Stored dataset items
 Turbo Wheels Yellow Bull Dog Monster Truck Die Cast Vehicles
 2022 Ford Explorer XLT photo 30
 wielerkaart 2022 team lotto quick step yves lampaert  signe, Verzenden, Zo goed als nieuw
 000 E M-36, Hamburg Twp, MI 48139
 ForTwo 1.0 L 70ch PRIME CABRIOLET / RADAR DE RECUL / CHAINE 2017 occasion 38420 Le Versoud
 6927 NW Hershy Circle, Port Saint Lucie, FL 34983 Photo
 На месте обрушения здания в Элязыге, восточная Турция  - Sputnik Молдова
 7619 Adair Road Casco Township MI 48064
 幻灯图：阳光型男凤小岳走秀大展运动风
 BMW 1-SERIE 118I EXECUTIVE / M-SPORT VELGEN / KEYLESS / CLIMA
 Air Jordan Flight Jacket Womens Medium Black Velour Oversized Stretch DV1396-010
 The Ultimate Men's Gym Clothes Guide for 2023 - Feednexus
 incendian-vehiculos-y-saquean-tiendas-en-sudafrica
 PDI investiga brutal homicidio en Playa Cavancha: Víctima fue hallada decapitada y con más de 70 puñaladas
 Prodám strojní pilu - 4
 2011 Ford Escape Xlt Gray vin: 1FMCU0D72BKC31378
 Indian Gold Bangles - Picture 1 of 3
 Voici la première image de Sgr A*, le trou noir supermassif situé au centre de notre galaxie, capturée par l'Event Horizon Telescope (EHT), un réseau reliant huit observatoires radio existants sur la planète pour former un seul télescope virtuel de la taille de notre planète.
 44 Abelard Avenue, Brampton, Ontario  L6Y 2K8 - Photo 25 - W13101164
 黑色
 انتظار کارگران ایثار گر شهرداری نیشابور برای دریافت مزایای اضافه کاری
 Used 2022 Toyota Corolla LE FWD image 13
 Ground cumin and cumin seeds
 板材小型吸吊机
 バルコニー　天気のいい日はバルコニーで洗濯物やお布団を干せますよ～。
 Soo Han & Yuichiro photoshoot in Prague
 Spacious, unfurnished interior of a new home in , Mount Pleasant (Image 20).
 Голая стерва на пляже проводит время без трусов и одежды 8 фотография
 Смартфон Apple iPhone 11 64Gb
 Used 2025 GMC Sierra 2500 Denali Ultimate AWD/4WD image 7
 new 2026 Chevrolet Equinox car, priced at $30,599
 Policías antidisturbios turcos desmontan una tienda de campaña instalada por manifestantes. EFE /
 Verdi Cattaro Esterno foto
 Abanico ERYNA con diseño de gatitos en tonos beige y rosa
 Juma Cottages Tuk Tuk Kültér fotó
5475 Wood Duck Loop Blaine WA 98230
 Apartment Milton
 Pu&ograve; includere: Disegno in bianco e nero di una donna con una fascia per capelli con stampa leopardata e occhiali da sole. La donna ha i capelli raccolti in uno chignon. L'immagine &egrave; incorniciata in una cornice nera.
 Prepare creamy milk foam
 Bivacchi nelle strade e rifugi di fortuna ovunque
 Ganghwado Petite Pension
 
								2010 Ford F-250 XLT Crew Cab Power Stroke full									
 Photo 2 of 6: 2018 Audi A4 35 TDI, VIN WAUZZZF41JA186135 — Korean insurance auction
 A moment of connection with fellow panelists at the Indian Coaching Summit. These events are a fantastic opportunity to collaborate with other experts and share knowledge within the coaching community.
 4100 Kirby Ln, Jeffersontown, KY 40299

**PROBLEM DETAILS:** Output all of the data again, exactly.

**ANSWER BELOW:**
 Turbo Wheels Yellow Bull Dog Monster Truck Die Cast Vehicles
 2022 Ford Explorer XLT photo 30
 wielerkaart 2022 team lotto quick step yves lampaert  signe, Verzenden, Zo goed als nieuw
 000 E M-36, Hamburg Twp, MI 48139
 ForTwo 1.0 L 70ch PRIME CABRIOLET / RADAR DE RECUL / CHAINE 2017 occasion 38420 Le Versoud
 6927 NW Hershy Circle, Port Saint Lucie, FL 34983 Photo
 На месте обрушения здания в Элязыге, восточная Турция  - Sputnik Молдова
 7619 Adair Road Casco Township MI 48064
 幻灯图：阳光型男凤小岳走秀大展运动风
 BMW 1-SERIE 118I EXECUTIVE / M-SPORT VELGEN / KEYLESS / CLIMA
 Air Jordan Flight Jacket Womens Medium Black Velour Oversized Stretch DV1396-010
 The Ultimate Men's Gym Clothes Guide for 2023 - Feednexus
 incendian-vehiculos-y-saquean-tiendas-en-sudafrica
 PDI investiga brutal homicidio en Playa Cavancha: Víctima fue hallada decapitada y con más de 70 puñaladas
 Prodám strojní pilu - 4
 2011 Ford Escape Xlt Gray vin: 1FMCU0D72BKC31378
 Indian Gold Bangles - Picture 1 of 3
 Voici la première image de Sgr A*, le trou noir supermassif situé au centre de notre galaxie, capturée par l'Event Horizon Telescope (EHT), un réseau reliant huit observatoires radio existants sur la planète pour former un seul télescope virtuel de la taille de notre planète.
 44 Abelard Avenue, Brampton, Ontario  L6Y 2K8 - Photo 25 - W13101164
 黑色
 انتظار کارگران ایثار گر شهرداری نیشابور برای دریافت مزایای اضافه کاری
 Used 2022 Toyota Corolla LE FWD image 13
 Ground cumin and cumin seeds
 板材小型吸吊机
 バルコニー　天気のいい日はバルコニーで洗濯物やお布団を干せますよ～。
 Soo Han & Yuichiro photoshoot in Prague
 Spacious, unfurnished interior of a new home in , Mount Pleasant (Image 20).
 Голая стерва на пляже проводит время без трусов и одежды 8 фотография
 Смартфон Apple iPhone 11 64Gb
 Used 2025 GMC Sierra 2500 Denali Ultimate AWD/4WD image 7
 new 2026 Chevrolet Equinox car, priced at $30,599
 Policías antidisturbios turcos desmontan una tienda de campaña instalada por manifestantes. EFE /
 Verdi Cattaro Esterno foto
 Abanico ERYNA con diseño de gatitos en tonos beige y rosa
 Juma Cottages Tuk Tuk Kültér fotó
5475 Wood Duck Loop Blaine WA 98230
 Apartment Milton
 Pu&ograve; includere: Disegno in bianco e nero di una donna con una fascia per capelli con stampa leopardata e occhiali da sole. La donna ha i capelli raccolti in uno chignon. L'immagine &egrave; incorniciata in una cornice nera.
 Prepare creamy milk foam
 Bivacchi nelle strade e rifugi di fortuna ovunque
 Ganghwado Petite Pension
 
								2010 Ford F-250 XLT Crew Cab Power Stroke full									
 Photo 2 of 6: 2018 Audi A4 35 TDI, VIN WAUZZZF41JA186135 — Korean insurance auction
 A moment of connection with fellow panelists at the Indian Coaching Summit. These events are a fantastic opportunity to collaborate with other experts and share knowledge within the coaching community.
 4100 Kirby Ln, Jeffersontown, KY 40299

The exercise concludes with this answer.